Captioned web images:
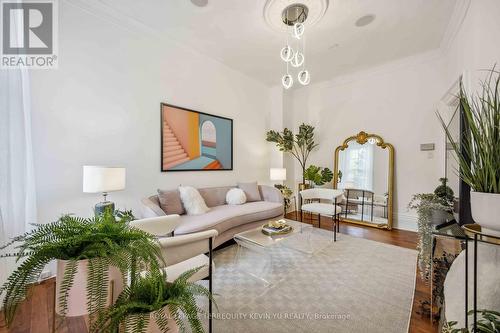 102 Bleecker Street, Toronto (Cabbagetown-South St. James Town), ON - Indoor Photo Showing Living Room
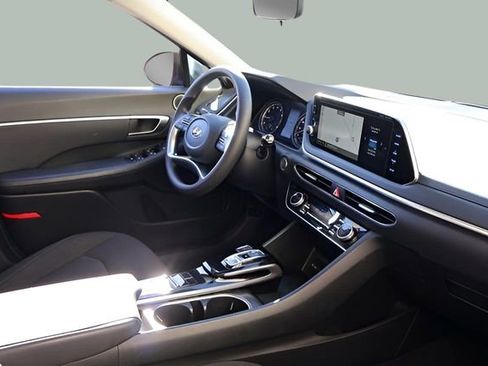 Used 2023 Hyundai Sonata SEL FWD image 16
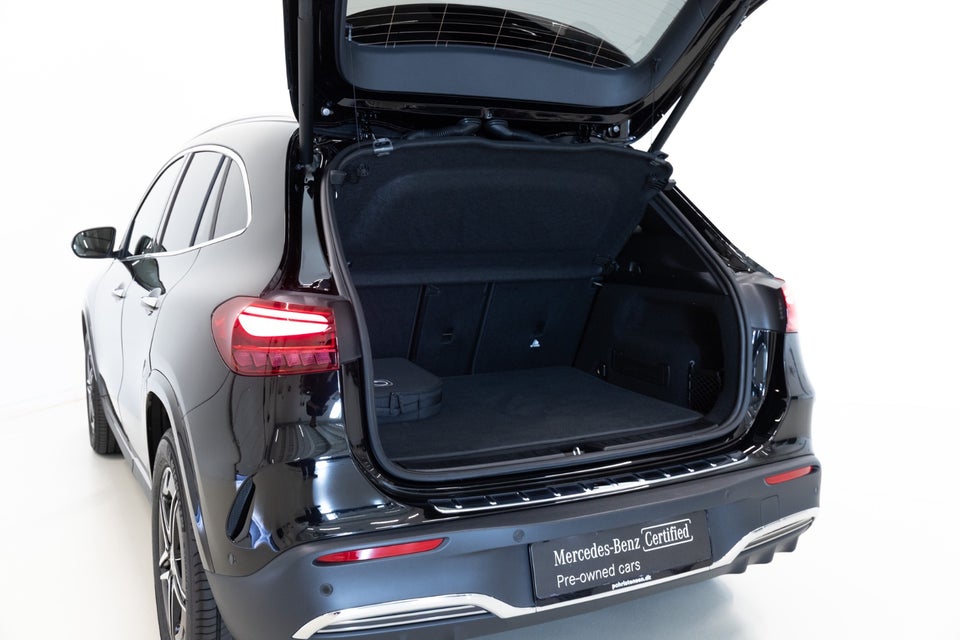 Mercedes EQA350 AMG Premium 4Matic 5d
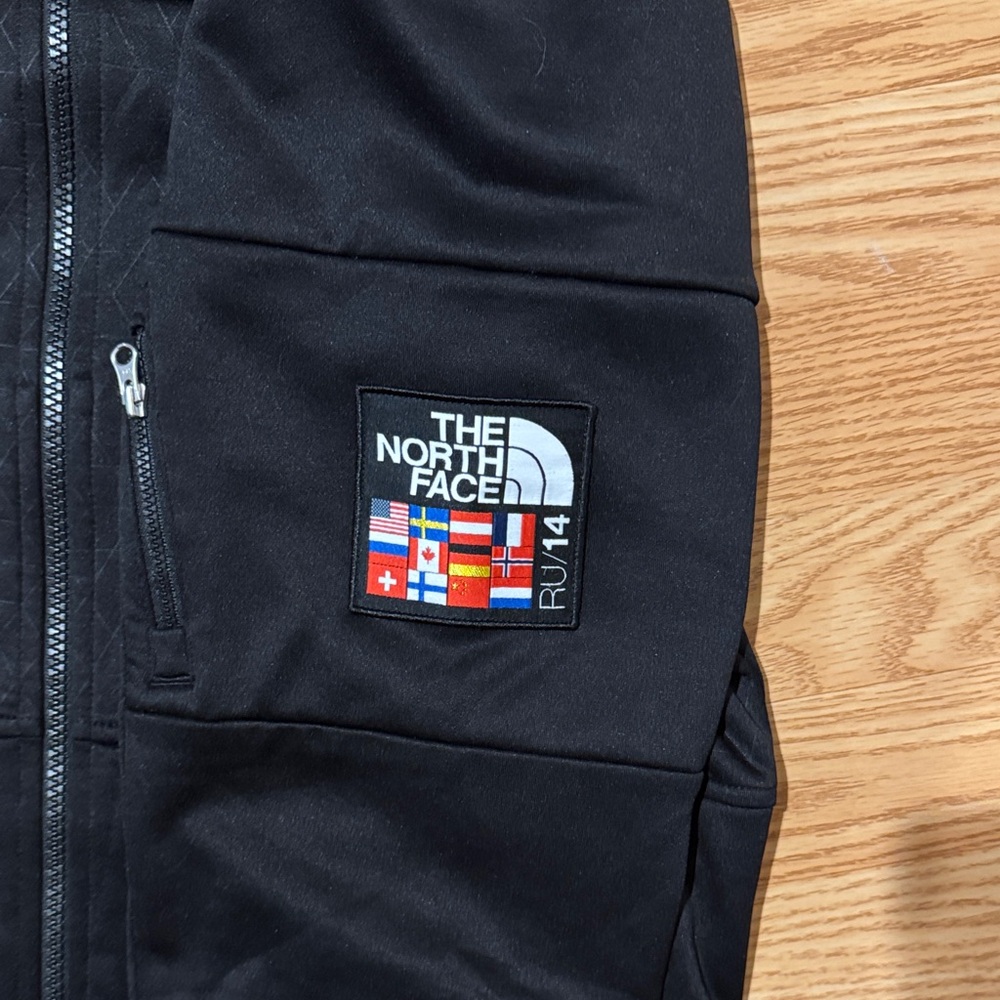 The North Face Black Lightweight Jacket - Picture 4 of 6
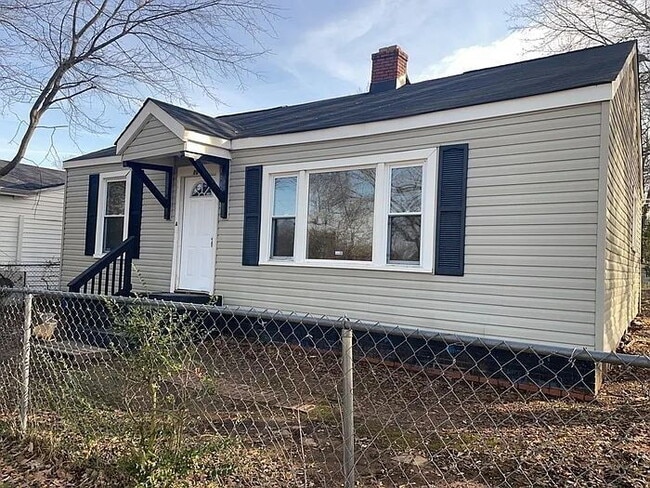 property at 10 White Horse Rd Ext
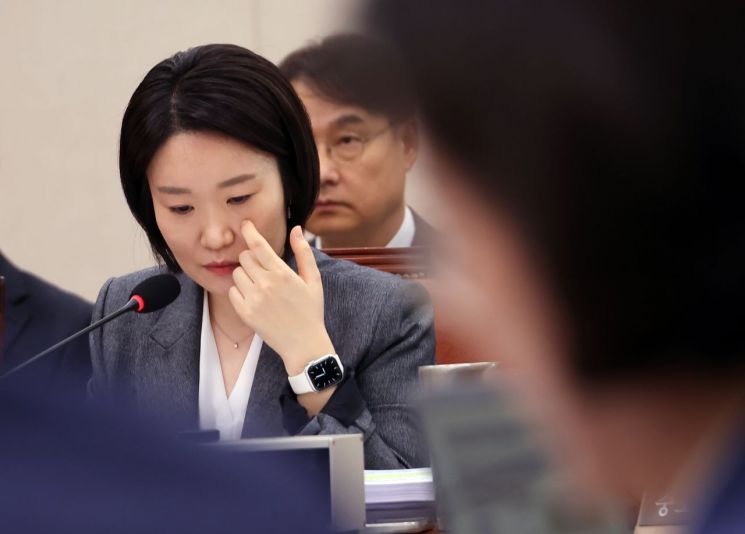 이소영 중소벤처기업부 장관이 7일 국회 산업통상자원중소벤처기업위원회의 중기부 국정감사에서 자료를 살펴보고 있다. 연합뉴스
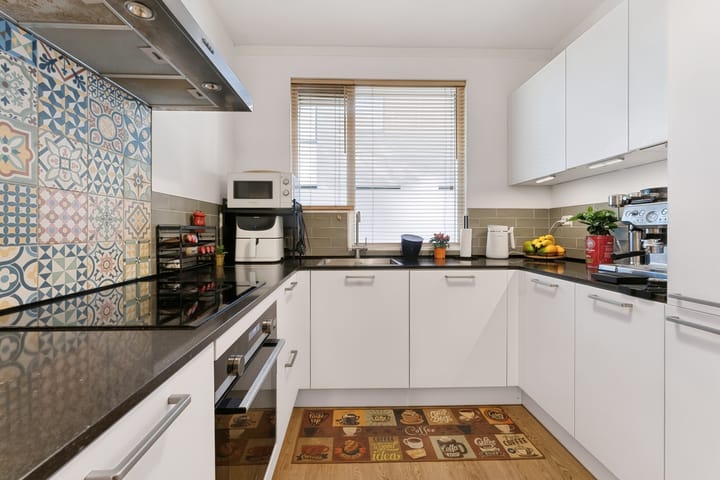Hoekwoning te koop: Barkasstraat 20, Alkmaar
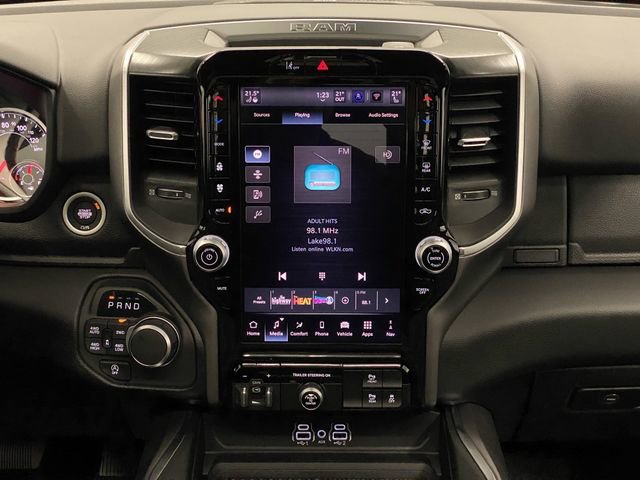 New 2026 RAM 1500 4x4 Crew Cab image 9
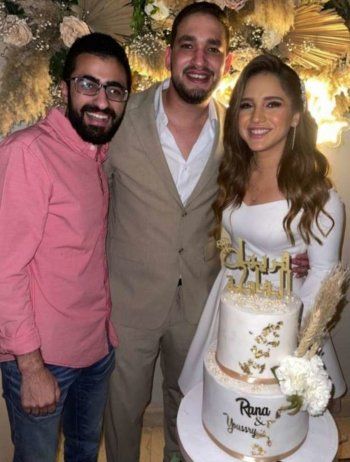 شاهد .. بالصور- بعد أن طلب يدها على الهواء مباشرة.. رنا رئيس تحتفل بخطوبتها داخل منزلها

Your assignment: Output the data exactly. Leave every picture out.

Task response:
 102 Bleecker Street, Toronto (Cabbagetown-South St. James Town), ON - Indoor Photo Showing Living Room
 Used 2023 Hyundai Sonata SEL FWD image 16
 Mercedes EQA350 AMG Premium 4Matic 5d
 The North Face Black Lightweight Jacket - Picture 4 of 6
 property at 10 White Horse Rd Ext
 이소영 중소벤처기업부 장관이 7일 국회 산업통상자원중소벤처기업위원회의 중기부 국정감사에서 자료를 살펴보고 있다. 연합뉴스
Hoekwoning te koop: Barkasstraat 20, Alkmaar
 New 2026 RAM 1500 4x4 Crew Cab image 9
 شاهد .. بالصور- بعد أن طلب يدها على الهواء مباشرة.. رنا رئيس تحتفل بخطوبتها داخل منزلها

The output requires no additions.